[[ THE DATA, beginning ]]

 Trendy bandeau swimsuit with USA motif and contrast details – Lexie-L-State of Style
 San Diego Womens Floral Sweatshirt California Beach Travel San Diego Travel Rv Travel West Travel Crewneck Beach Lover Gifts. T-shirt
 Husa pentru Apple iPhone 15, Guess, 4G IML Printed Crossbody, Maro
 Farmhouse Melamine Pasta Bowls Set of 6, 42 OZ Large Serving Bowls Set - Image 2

[[ THE DATA, end ]]
[[ THE DATA, beginning ]]

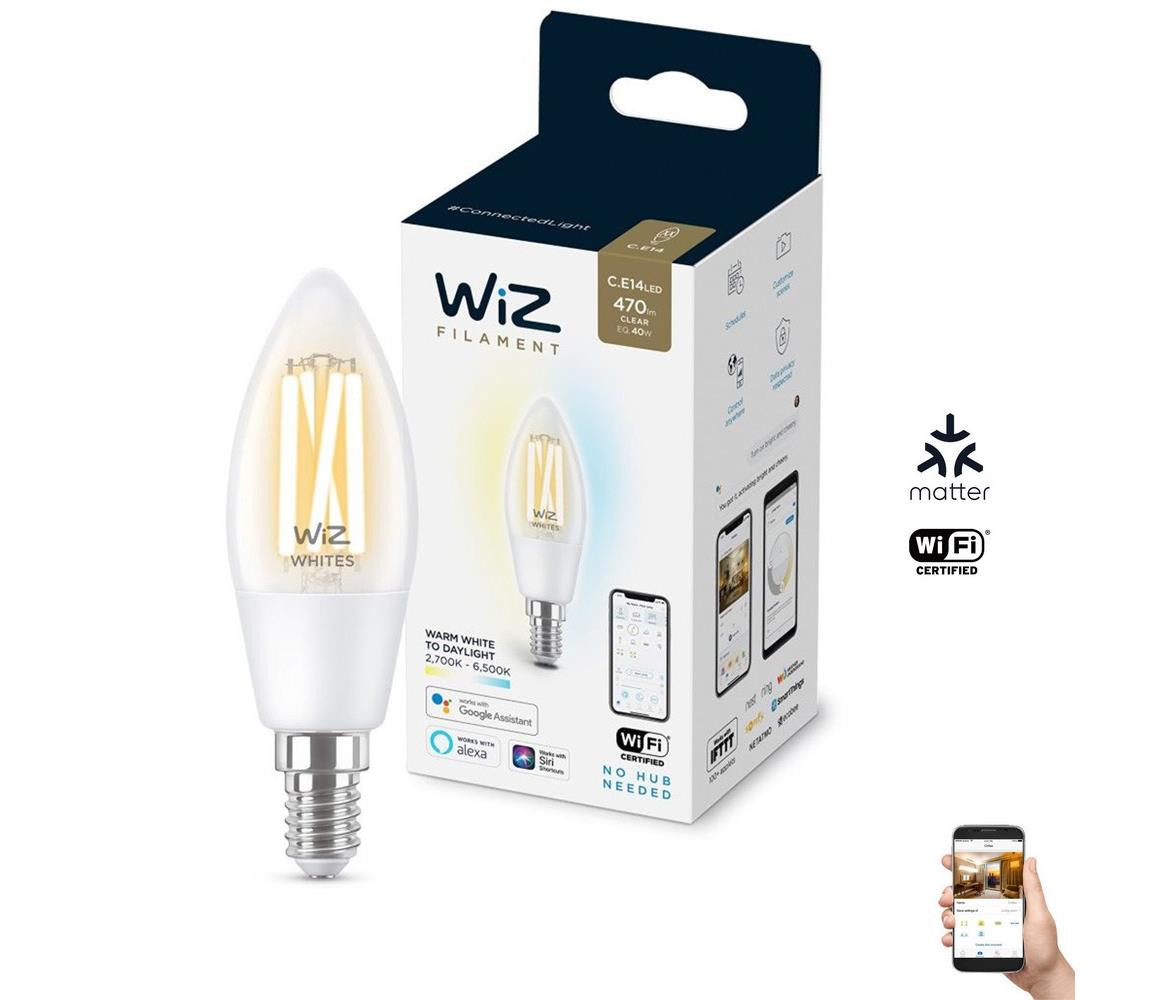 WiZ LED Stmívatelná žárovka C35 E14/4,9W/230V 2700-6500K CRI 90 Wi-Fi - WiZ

[[ THE DATA, end ]]
[[ THE DATA, beginning ]]

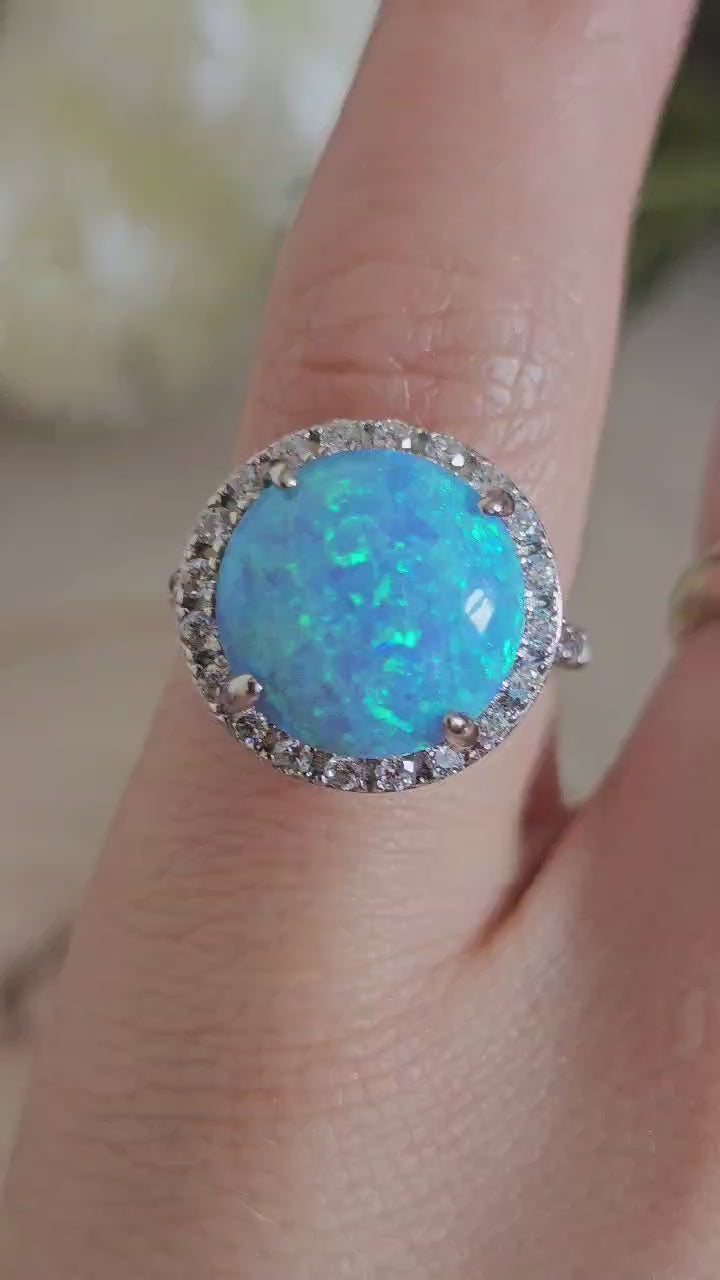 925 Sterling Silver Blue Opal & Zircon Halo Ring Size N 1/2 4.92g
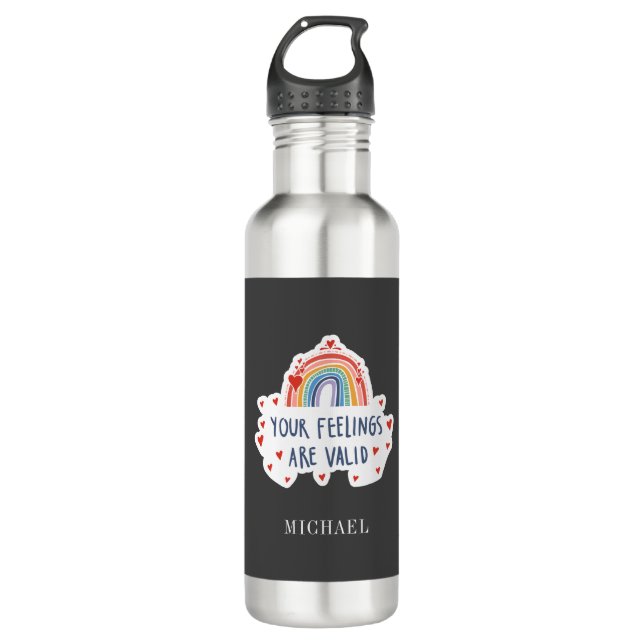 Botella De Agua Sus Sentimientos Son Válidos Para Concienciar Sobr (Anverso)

[[ THE DATA, end ]]

◆ WORK TO BE COMPLETED
Restate word for word the lines of the data above, starting at the line containing "San Diego Womens" and ending at the line containing "Farmhouse Melamine Pasta", both included, and nothing more.

◆ TASK RESULT
 San Diego Womens Floral Sweatshirt California Beach Travel San Diego Travel Rv Travel West Travel Crewneck Beach Lover Gifts. T-shirt
 Husa pentru Apple iPhone 15, Guess, 4G IML Printed Crossbody, Maro
 Farmhouse Melamine Pasta Bowls Set of 6, 42 OZ Large Serving Bowls Set - Image 2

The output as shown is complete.